Os feedbacks que têm recebido, quer de associados, quer da população em geral, ajudou a tomar esta decisão. Contudo, José Diogo Silva, lembrou que “cortar o trânsito, por si só, não é suficiente para trazer o bem-estar dos vimaranenses a nível pedonal ao centro histórico”.

Neste sentido, a AVH irá apresentar um documento ao município sobre “soluções de melhoramento pedonal, quer no centro histórico, quer na zona tampão”, uma vez que a zona pedonal do centro histórico “tem que ficar bem definida e tem que criar mais conforto a quem nos visita”.

Na perspetiva do presidente da AVH, é necessário falar, por exemplo, na organização das esplanadas e em reformulações que, “a nível monetário, são insignificativas para o município e que vão melhorar muito a vida dos associados, dos clientes e de todos os vimaranenses”.

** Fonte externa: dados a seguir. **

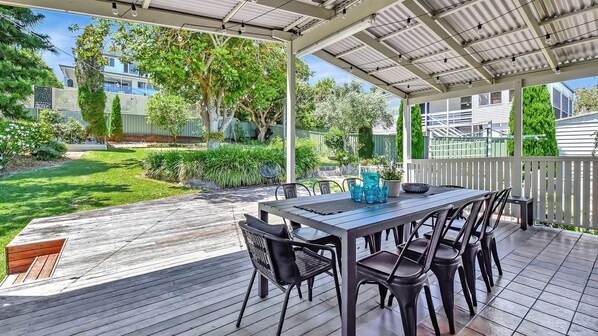 Outdoor dining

Apesar de a decisão estar tomada, tal como anunciou Domingos Bragança, José Diogo Silva acredita que irá haver um trabalho de auscultação dos agentes comerciais e económicos a fim de “encontrar soluções para um ou outro problema que podem ainda não estar resolvidos”.

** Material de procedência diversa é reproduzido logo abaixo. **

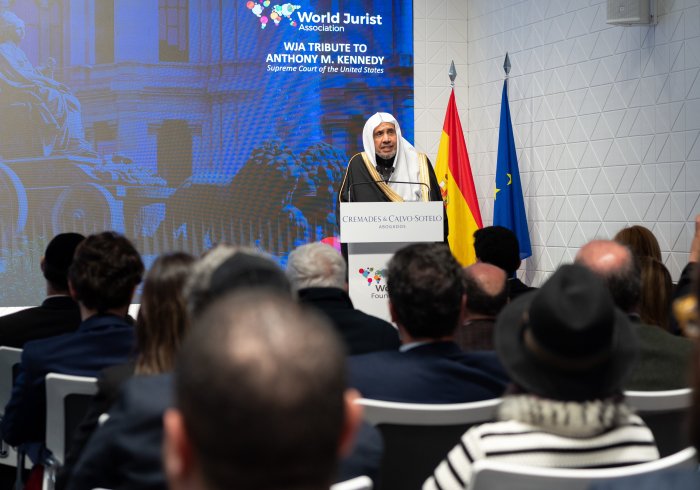 Paralelamente a haber sido convidado como invitado de honor de este año para el diálogo legislativo presidido por Su Majestad el Rey de España, en presencia de varios altos funcionarios ministeriales, jurídicos, legislativos y presidentes de consejos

“Está na altura de arriscar e tomar uma decisão diferente daquilo que tem sido tomada. Esta é a nossa posição e, se no futuro, esta posição se revelar incorreta ou errada, assumiremos a posição que tomamos”, afirmou.

José Diogo Silva desafia Associação de Comércio Tradicional

A AVH tem recebido algum feedback de vimaranenses e “eles próprios dizem que virão mais vezes ao centro da cidade se este tiver mais condições de pedonalização”. “São eles os nossos clientes e o nosso público e é para eles que trabalhamos e tentamos melhorar”, frisa José Diogo Silva, justificando que, “se uma larga franja de vimaranenses acha que isto é o melhor para a sua cidade, temos que aceitar as razões e lutar por isso mesmo”.

A Associação do Comércio Tradicional de Guimarães (ACTG), por sua vez, já manifestou “estupefação e enorme preocupação” com a decisão anunciada, tendo realizado um inquérito, porta a porta, no centro histórico e no centro histórico a 300 comerciantes. “99% eram contra o corte de trânsito”, referiu a associação em comunicado.

José Diogo Silva desafiou, assim, a ACT a revelar os dados desse inquérito, “com números exatos, com os estabelecimentos e opiniões, pondo cá fora esse documento”. Não sendo o comércio tradicional a sua área, o presidente da AVH deu o exemplo da praça de Donães que, “após a requalificação, tem negócios a crescer e pessoas a ir para o local”.